You know, I can't execute a shopping trip to Home Depot without some turmoil and commotion for a home project. We're not going to stand up a new agency without a certain amount of churn. We wouldn't do it if we didn't think it was necessary. We think it's critical. And so I am going to continue to use, and others will continue to use every bit of our persuasive power to convince the Congress that this is an agency worth standing up and worth funding. Acting Secretary of the Air Force Donovan and I, I think, could not be more closely aligned on the need for an SDA. And again, if the Congress chooses to create a space force, he's going to inherit it. So we're - this is not an example - this is not an example of power struggles within the DOD. We're getting along very well.

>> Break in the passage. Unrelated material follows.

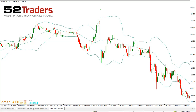Hi there, Cam Hawkins here from 52Traders, and today I'm going to walk you through a little system that I've put together based on Norman Hallett and Serge Berger's advice in the show.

And I think all of the key decision-makers are completely lined up on the need for the SDA and what it's trying to do. I can't - I guess I can't say it any better.

HEINRICHS: There's a lady over here. I wanted to get to her.

GRIFFIN: But I'll just finish off by saying don't expect us to stand up a new capability with no management churn. I mean, if that's your expectation, go somewhere else because I can't deliver it.

AUDIENCE MEMBER: I was wondering what your current assessment is on North Korea's missile capabilities, especially after it launched 10 projectiles over the last two weeks.

GRIFFIN: I have no public comment to make about North Korea's missile capability. That would - that assessment would properly belong to our intelligence community, and that's not my job.

HEINRICHS: I would just point to - I just hosted the director of the Defense Intelligence Agency here at Hudson. And we talked a lot about missiles. So - and that's on our website. I think we've got time for one last question. And we'll go here in the back, if you could ask it very, very briefly.

AUDIENCE MEMBER: Just one question on Iran - last year, General Samuel Greaves told Congress that - he said the assessment at the Pentagon for Iran to acquire a hypersonic missiles was "extremely high," quote, unquote. I just want to know what the assessment is today, and has Iran intensified its moves since the withdrawal from the JCPOA? Thanks.

GRIFFIN: Well, I'm sorry you wasted your question. One more time, I'm not in the intelligence or the assessment business. And if I were, I probably couldn't comment. But since I don't actually know anything, it's easy to say I'm not going to comment. Sorry.

HEINRICHS: If I could point to another event, I hosted Brian Hook here, special envoy to Iran, and we discussed about how north - or Iran's missile program has not - has continued to improve since the JCPOA. The JCPOA did not slow the missile program. And that's - the transcript is on the website as well. And with that, please join me in thanking Dr. Griffin for his time and remarks.